(Short web captions)

[Start of Attachment]

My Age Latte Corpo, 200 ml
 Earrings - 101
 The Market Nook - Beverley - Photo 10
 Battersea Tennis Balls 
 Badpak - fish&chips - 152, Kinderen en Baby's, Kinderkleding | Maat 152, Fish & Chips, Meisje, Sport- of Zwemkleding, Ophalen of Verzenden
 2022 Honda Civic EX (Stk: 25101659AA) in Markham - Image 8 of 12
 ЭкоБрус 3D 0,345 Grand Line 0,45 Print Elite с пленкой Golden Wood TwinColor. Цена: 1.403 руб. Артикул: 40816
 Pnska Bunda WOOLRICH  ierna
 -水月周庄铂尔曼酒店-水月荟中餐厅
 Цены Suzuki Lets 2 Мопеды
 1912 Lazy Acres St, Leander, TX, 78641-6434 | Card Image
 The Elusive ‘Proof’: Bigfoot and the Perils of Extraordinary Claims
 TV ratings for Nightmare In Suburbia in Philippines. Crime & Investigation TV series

[End of Attachment]

| YOUR OBJECTIVE |
Taking the entries above, write out exactly each line from the one holding "Badpak - fish&chips" to the one holding "1912 Lazy Acres", both included, and stop there.

| RESPONSE AREA |
 Badpak - fish&chips - 152, Kinderen en Baby's, Kinderkleding | Maat 152, Fish & Chips, Meisje, Sport- of Zwemkleding, Ophalen of Verzenden
 2022 Honda Civic EX (Stk: 25101659AA) in Markham - Image 8 of 12
 ЭкоБрус 3D 0,345 Grand Line 0,45 Print Elite с пленкой Golden Wood TwinColor. Цена: 1.403 руб. Артикул: 40816
 Pnska Bunda WOOLRICH  ierna
 -水月周庄铂尔曼酒店-水月荟中餐厅
 Цены Suzuki Lets 2 Мопеды
 1912 Lazy Acres St, Leander, TX, 78641-6434 | Card Image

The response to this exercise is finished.